Manuel García Morente se convirtió al catolicismo en París escuchando La infancia de Cristo de Berlioz. Su ateísmo se quebró con el oratorio del compositor francés la noche del 29 al 30 de abril de 1937. Exiliado a causa de la Guerra Civil, el filósofo español apartó su humanidad tremendamente lógica para abrir el corazón al espíritu, al sentido de la existencia, a la trascendencia que le había sido esquiva. Y se replanteó la realidad. Quizás lloró como un niño, frágil, como un niño, solo, en el quicio de la ventana, quebrado por el entendimiento que vocifera.
De igual forma, el Requiem de Mozart sobrecogió hace años. Más de veinte. Fue en un palco del Guimerá con Víctor Pablo Pérez y la Orquesta Sinfónica de Tenerife. Asentó querencias y bendijo, desde la muerte, una historia de alientos, como La mamma morta de Umberto Giordano que canta María Callas: “¡Sigue viviendo. Yo soy la vida… Yo soy el amor, yo soy el amor!”, exclama un desahuciado Andrew Beckett (Tom Hanks) en Philadelphia.

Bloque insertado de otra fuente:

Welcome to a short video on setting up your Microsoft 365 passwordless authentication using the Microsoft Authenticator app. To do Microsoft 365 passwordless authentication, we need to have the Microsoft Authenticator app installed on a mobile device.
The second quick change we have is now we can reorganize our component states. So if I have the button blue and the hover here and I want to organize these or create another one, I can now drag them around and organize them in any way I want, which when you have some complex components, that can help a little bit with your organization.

La oscuridad no se entiende sin la luz, como el mal sin el bien, que discerniera Tomás de Aquino. Podrían ser acepciones autoantónimas que perturban y que aúnan contrarios. Y, entonces, los ojos se rasgan en la butaca del cine cuando a Oskar Schindler (Liam Neeson), tembloroso, se le cae al suelo la alianza que le entregan sus judíos con la inscripción: “Quien salva una vida salva al mundo entero”. Y John Williams arrulla la desesperación y la esperanza. La extrema crueldad y la caridad.

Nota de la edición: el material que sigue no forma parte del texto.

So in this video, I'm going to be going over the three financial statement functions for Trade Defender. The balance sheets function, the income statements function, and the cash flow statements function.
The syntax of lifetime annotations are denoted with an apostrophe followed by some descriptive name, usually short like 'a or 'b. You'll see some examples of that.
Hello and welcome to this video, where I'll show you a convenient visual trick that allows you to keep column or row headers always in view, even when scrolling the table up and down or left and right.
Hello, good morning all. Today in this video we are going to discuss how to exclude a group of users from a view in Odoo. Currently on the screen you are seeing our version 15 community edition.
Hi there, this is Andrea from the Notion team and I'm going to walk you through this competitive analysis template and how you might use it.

Y el corazón se estremece de nuevo con el Adagio for Strings de Samuel Barber en la selva del Vietnam ante la agonía del sargento Elías (Willem Dafoe) o con el llanto redimido y mortificado de Rodrigo de Mendoza (Robert de Niro) en la misión jesuita de las cataratas del Iguazú. Ennio Morricone compone para el orbe terrenal de los guaraníes. Secuencias de cuerda y oboe que narran desintegraciones vitales y que, a su manera, se repiten en el asfalto de la gente corriente de Robert Redford y el Canon de Pachelbel. Miserias y heroicidades de aquí y allá que pasan a un segundo plano cuando el huracán Matthew brama en las Antillas o el enjambre sísmico en la falda del Teide pone en guardia al Gobierno de Canarias y al Instituto Geográfico Nacional (por si acaso). Porque el universo absoluto y sus caprichos cercanos continúan siendo inescrutables pese al cacumen de Stephen Hawking y los esfuerzos astrofísicos de Garik Israelian por acercarnos los astros y constelaciones en medio de agujeros negros y nubarrones que tambalean la cuarta edición de Starmus, el festival en donde Hans Zimmer recreó el infinito sónico. Y más allá.

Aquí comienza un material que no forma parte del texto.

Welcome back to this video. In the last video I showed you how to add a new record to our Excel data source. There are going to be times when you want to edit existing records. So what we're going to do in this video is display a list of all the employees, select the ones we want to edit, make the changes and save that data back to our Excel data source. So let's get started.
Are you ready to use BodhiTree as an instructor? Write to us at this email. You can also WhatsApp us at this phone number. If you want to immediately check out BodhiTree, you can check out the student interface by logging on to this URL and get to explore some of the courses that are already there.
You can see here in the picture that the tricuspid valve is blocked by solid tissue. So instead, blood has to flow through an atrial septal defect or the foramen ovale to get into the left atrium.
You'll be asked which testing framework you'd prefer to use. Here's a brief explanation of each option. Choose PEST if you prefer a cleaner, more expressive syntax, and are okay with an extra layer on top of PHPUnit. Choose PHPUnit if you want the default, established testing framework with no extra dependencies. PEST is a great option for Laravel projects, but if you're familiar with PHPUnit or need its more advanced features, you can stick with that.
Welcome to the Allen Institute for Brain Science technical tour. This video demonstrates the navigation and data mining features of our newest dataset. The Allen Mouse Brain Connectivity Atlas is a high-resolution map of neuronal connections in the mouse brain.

Con el compositor tinerfeño Diego Navarro la música también está próxima. Con él, y otros como él, es más fácil atrapar banderas y desnudar pasiones. Hace diez años creó Fimucité y sus acordes, todavía recientes, nos han transportado a las estrellas, esas mismas de Interstellar. Y su destello viaja desde el cielo hasta la Tierra Media de Tolkien y Howard Shore junto al primer violín Pedro Mérida y un eficaz plantel de maestros. Su partitura digital reúne un sinfín de sentimientos que se revelan en la gran pantalla y sobre el escenario. Y en la mente de tantos y en los anhelos de tantos, esos regalos inspiradores que se escriben con notas evocan instantes plenos alejados del ruido, cansino. Es la magia ilusionante del pentagrama de Diego Navarro.